PP11C-1370:
Thermocline Temperature Variability Reveals Shifts in the Tropical Pacific Mean State across Marine Isotope Stage 3

Monday, 15 December 2014
Jennifer E Hertzberg and Matthew W Schmidt, Texas A & M University, College Station, TX, United States
Abstract:
The eastern equatorial Pacific (EEP) is one of the most dynamic oceanographic regions, making it a critical area for understanding past climate change. Despite this, there remains uncertainty on the climatic evolution of the EEP through the last glacial period. According to the ocean dynamical thermostat theory, warming (cooling) of the tropical Pacific Ocean may lead to a more La Niña (El Niño)-like mean state due to zonally asymmetric heating and subsequent easterly (westerly) wind anomalies at the equator (Clement and Cane, 1999). Attempts to understand these feedbacks on millennial timescales across Marine Isotope Stage 3 (MIS 3) have proven to be fruitful in the western equatorial Pacific (WEP) (Stott et al., 2002), yet complimentary, high-resolution records from the EEP are lacking. To provide a more complete understanding of the feedback mechanisms of the dynamical thermostat across periods of abrupt climate change, we reconstruct thermocline temperature variability across MIS 3 from a sediment core located in the EEP, directly within the equatorial cold tongue upwelling region (core MV1014-02-17JC). Temperature anomalies in thermocline waters of the EEP are integrally linked to the ENSO system, with large positive and negative anomalies recorded during El Niño and La Niña events, respectively. Mg/Ca ratios in the thermocline-dwelling planktonic foraminifera Neogloboquadrina dutertrei were measured at 2 cm intervals, resulting in a temporal resolution of <200 years.

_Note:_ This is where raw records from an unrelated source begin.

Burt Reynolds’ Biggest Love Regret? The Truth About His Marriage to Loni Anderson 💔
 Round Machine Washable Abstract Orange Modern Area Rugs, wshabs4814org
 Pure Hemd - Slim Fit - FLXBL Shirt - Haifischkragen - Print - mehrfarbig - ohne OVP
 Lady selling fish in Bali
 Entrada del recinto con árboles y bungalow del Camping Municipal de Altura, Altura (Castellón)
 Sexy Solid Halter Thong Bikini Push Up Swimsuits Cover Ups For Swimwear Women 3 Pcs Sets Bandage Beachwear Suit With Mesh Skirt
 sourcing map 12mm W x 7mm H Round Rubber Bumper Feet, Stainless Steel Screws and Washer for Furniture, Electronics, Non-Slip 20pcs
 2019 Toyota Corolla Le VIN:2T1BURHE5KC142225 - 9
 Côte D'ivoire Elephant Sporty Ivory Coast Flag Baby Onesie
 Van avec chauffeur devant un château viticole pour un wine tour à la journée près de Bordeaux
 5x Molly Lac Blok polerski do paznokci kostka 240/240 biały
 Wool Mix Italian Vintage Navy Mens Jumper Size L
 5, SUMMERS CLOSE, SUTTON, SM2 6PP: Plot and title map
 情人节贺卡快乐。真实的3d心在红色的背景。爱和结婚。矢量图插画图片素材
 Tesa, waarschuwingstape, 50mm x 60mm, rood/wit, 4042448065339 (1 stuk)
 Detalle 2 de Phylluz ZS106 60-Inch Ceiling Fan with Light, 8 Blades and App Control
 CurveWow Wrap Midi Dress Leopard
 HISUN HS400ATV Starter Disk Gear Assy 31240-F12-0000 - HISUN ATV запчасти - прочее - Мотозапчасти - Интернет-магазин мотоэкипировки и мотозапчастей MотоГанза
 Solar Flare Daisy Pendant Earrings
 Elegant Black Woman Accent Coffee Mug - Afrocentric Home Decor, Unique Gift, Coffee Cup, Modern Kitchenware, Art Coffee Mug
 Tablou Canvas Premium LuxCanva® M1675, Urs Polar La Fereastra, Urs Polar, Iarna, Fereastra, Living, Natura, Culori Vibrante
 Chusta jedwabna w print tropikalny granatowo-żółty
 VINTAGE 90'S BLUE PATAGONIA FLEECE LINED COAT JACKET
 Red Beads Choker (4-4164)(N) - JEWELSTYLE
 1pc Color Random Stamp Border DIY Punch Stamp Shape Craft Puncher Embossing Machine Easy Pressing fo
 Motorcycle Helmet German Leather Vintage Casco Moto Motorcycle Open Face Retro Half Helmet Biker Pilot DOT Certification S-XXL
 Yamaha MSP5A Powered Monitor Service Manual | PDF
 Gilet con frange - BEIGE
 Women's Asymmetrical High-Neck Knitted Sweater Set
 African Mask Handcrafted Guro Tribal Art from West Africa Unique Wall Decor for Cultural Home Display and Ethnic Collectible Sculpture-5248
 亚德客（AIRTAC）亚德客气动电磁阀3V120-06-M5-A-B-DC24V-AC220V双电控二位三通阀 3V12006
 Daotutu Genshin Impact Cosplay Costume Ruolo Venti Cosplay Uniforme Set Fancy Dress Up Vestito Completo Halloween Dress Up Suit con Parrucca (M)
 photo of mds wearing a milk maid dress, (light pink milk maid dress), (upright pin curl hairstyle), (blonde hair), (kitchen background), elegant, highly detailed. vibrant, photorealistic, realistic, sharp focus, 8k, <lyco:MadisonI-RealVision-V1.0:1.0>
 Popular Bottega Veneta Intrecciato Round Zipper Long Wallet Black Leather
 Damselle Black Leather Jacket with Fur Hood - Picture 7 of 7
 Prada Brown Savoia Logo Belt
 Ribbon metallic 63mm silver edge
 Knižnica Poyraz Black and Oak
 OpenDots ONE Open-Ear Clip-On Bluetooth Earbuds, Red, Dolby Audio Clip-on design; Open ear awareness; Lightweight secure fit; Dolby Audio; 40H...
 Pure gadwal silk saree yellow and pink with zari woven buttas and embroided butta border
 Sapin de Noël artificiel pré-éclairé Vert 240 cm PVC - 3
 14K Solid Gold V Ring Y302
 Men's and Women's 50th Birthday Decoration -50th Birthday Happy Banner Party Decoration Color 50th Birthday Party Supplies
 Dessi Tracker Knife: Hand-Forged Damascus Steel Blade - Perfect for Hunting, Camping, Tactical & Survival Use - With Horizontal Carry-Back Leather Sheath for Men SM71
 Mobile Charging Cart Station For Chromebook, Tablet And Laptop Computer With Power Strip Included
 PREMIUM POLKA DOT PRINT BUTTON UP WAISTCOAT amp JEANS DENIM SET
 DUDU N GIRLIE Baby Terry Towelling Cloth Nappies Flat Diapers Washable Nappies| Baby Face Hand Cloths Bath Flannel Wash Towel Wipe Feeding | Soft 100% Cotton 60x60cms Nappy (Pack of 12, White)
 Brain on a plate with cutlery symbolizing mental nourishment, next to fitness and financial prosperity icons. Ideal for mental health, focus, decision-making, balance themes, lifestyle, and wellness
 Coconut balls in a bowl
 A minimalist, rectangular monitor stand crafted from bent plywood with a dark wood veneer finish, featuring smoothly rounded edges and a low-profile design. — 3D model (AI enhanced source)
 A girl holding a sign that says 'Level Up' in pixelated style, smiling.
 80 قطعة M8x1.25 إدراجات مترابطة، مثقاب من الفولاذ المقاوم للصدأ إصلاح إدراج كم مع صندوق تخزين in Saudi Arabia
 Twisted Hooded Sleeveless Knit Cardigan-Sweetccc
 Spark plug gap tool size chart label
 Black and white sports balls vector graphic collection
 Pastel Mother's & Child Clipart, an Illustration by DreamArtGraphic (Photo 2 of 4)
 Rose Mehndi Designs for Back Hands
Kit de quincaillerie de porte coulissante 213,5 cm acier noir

Preliminary results across Interstadials 5-7 reveal warmer thermocline temperatures (an increase in Mg/Ca of .25 ± .02 mmol/mol) during periods of cooling following peak Interstadial warmth over Greenland, as seen from the NGRIP δ18O record. Thus, periods of cooling over Greenland appear to correspond to an El Niño-like mean state in the tropical Pacific, in line with predictions of an ocean dynamical thermostat. Interestingly, Heinrich Event 3 corresponds to cooler thermocline temperatures, suggesting a different forcing mechanism of tropical Pacific mean state variability across Heinrich Events. The record will be extended back to 80 kyr BP, and we will also measure Globigerinoides ruber Mg/Ca ratios across MIS 3 to calculate the zonal E-W sea surface temperature gradient using published records from the WEP.